MQ made an excellent birthday cake from scratch. A buttery organic white cake with vanilla creme frosting and star-shaped sprinkle things. I ate only two pieces because they were perfect enough. A less perfect cake, I’d probably need three to five pieces to be sated. Not this cake. Two three-by-two-inch pieces were just right. For lunchtime, I mean. I’ll have more in a couple hours.

Took her to a nice steakhouse, the Tree on San Jose, for dinner. Had the room to ourselves, aside from extremely pleasant and helpful waiters. Ribeye, lobster bisque, risotto, and a Malbec. After careful consideration, it was the best steak I’ve ever had in a restaurant (third best overall). Just enough blackening and caramelization on the outside, red and tender inside, consistent marbling that melted in my mouth. Good stuff.

Then we went for a short walk in a small evergreen forest. It was lovely. I might get a real tree this year.

As I said long ago, there’ll be no Jack Benny nonsense. Some odd synapse or malfunction in my brain has me thinking that the early 40s seem younger than the late 30s. Hopefully it’ll feel that way. There’s no hill to get over.

On that abomination of an election.

The good news is that Hillary Clinton will not be President. The bad news is that Donald Trump will be President.

Actually, I take that back. Not the good news/bad news part, but the “will not be” and “will be” parts. I have no business making prognostications anymore. To wit:

I thought Trump would flame out after the first debate, when novelty would yield to common sense. Then I thought he’d lose his lead in the polls as other Republicans dropped out because he was nobody’s second choice and the dropouts’ supporters would flock to a non-Trump. Then I thought Cruz’s victory in Iowa was the beginning of the end for Trump, and people would come to their senses. Then I thought there’d be some behind-the-scenes pow-wow to close ranks behind a single non-Trump, likely Rubio, and the other non-Trumps would drop out faster. Then I thought there’d be more desperation to support Cruz, especially after Rubio dropped out. Then I thought there’d be a contested convention.

At this point, I thought Trump could win, but he’d definitely have to stop acting like Trump, and he’d have to spend more money. After all, there’s no way he’d get billions of dollars worth of free media like he did in the Republican primaries, right? And there’s no way there was actually anything like a “silent majority” that planned to vote for him despite telling the pollsters otherwise, or not responding to the pollsters at all, right? And you need a traditional GOTV operation to actually get people out to vote, right? And for Christ’s sake, he’d have to stop being “a colossal @*#&$^%”, as I put it back in September, right?

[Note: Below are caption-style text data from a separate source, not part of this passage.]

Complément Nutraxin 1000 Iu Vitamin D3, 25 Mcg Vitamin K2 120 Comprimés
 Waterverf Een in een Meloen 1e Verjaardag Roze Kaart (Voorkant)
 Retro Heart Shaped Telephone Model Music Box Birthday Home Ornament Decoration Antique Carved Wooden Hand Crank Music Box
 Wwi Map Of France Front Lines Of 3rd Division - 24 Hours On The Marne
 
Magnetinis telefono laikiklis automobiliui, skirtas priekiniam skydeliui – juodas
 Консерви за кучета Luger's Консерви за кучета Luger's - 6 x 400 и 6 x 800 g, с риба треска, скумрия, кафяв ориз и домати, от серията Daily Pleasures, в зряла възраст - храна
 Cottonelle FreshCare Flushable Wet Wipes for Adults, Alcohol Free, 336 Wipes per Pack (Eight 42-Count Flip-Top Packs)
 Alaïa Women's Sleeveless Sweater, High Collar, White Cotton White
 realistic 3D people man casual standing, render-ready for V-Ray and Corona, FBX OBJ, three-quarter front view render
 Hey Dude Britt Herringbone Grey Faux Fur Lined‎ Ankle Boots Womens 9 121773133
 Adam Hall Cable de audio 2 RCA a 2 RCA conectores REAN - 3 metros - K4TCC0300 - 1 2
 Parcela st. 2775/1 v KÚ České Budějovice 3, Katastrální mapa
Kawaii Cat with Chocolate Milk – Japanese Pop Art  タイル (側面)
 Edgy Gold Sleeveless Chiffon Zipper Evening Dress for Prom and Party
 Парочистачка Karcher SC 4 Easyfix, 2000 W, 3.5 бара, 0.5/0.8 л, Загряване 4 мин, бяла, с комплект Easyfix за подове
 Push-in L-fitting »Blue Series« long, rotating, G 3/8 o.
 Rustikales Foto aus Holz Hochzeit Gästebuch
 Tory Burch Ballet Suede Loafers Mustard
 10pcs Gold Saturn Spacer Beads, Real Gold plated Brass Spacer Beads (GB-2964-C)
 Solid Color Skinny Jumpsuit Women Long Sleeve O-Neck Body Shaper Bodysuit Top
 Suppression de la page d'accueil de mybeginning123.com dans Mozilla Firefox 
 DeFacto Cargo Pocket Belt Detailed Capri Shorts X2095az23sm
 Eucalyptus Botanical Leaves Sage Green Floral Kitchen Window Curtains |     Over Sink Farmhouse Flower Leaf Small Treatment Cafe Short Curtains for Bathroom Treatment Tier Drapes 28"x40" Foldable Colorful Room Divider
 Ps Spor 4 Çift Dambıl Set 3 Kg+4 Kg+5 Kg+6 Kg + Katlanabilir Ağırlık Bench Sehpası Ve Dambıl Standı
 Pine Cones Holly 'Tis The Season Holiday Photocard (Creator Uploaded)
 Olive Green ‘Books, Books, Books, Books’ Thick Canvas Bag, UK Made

And then election night came, and then I thought he wouldn’t win if he were trailing in so many national polls, and that even if he caught up he was trailing too badly in the electoral count and there’s no way he’d win in Wisconsin. Or Michigan. Or Pennsylvania. And then I thought that campaigning there was the same old Republican pipe dream: waste time campaigning in those states, then get blown away when the results come late in from Milwaukee and Detroit and Philly. And he spent too much time going after white voters, but it wasn’t going to be enough to offset losses among other ethnic/racial groups. Gains among men would be more than offset by losses among women. And I told my students to watch all night, because the whole thing would probably be called for Hillary by 11 or so.

Wrong, wrong, wrong, wrong, wrong, wrong, wrong, wrong, wrong, wrong, wrong, wrong, wrong, wrong, wrong, wrong, wrong, and wrong. I think I counted that right. So, yeah, I’m done prognosticating for a while. The electors don’t meet until December 19th, and technically (and Constitutionally, which is the best kind of technically), they can elect any 35-plus-year-old natural-born citizen with 14 years residency they want, so who the hell knows what’s going to happen? Because I won’t pretend I do anymore.

There was no suspense whatsoever on the Democratic side. It wasn’t even worth considering the possibility that Comrade Uncle Bernie might win, so I never prognosticated nuthin’ about it.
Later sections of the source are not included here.